Majonez w kuchniach świata, czyli kulinarna podróż szlakiem niezwykłych smaków

Francuzi smarują nim bagietki, Włosi zdobią przystawki. W Kornwalii spożywa się z nim egzotyczne kanapki, w Niderlandach popularne matiasy, a w Belgii frytki.

Majonez

Majonez podbija kulinarny świat. Decyduje nie tylko o smaku potrawy, ale także dodaje jej finezji i aromatu, a kiedy trzeba tuszuje niepowodzenia. „Majonez na dobre zakorzenił się w polskiej kuchni jako przysmak stosowany do gotowanych jaj.

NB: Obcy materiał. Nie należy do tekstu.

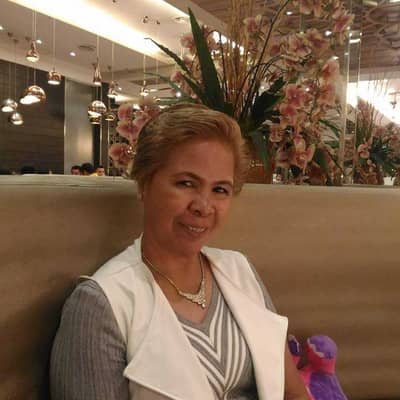 Editha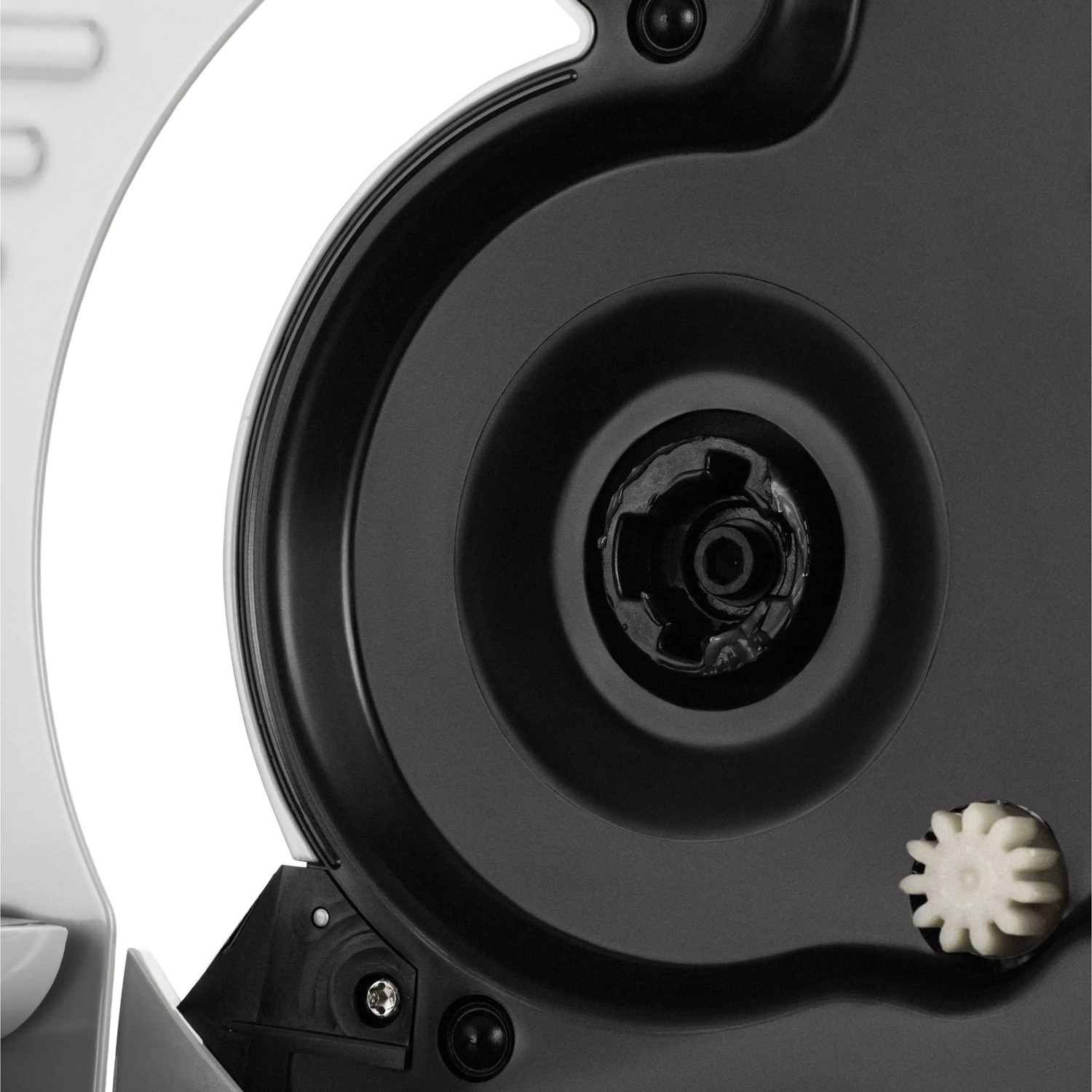 Ломтерезка ARDESTO SDK-250S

Używa się go również do przyrządzania sałatek jako bazę do sosów i dressingów. Polki znalazły dla niego zastosowanie także w kosmetyce – majonez jest doskonałą odżywką do włosów, twarzy i paznokci oraz środkiem łagodzącym opaleniznę” – mówi Tomasz Kwaśniewski, manager MOSSO. W poszukiwaniu smaku majonezu wybraliśmy się do innych zakątków Europy z pytaniem: do jakich potraw jest najczęściej stosowany?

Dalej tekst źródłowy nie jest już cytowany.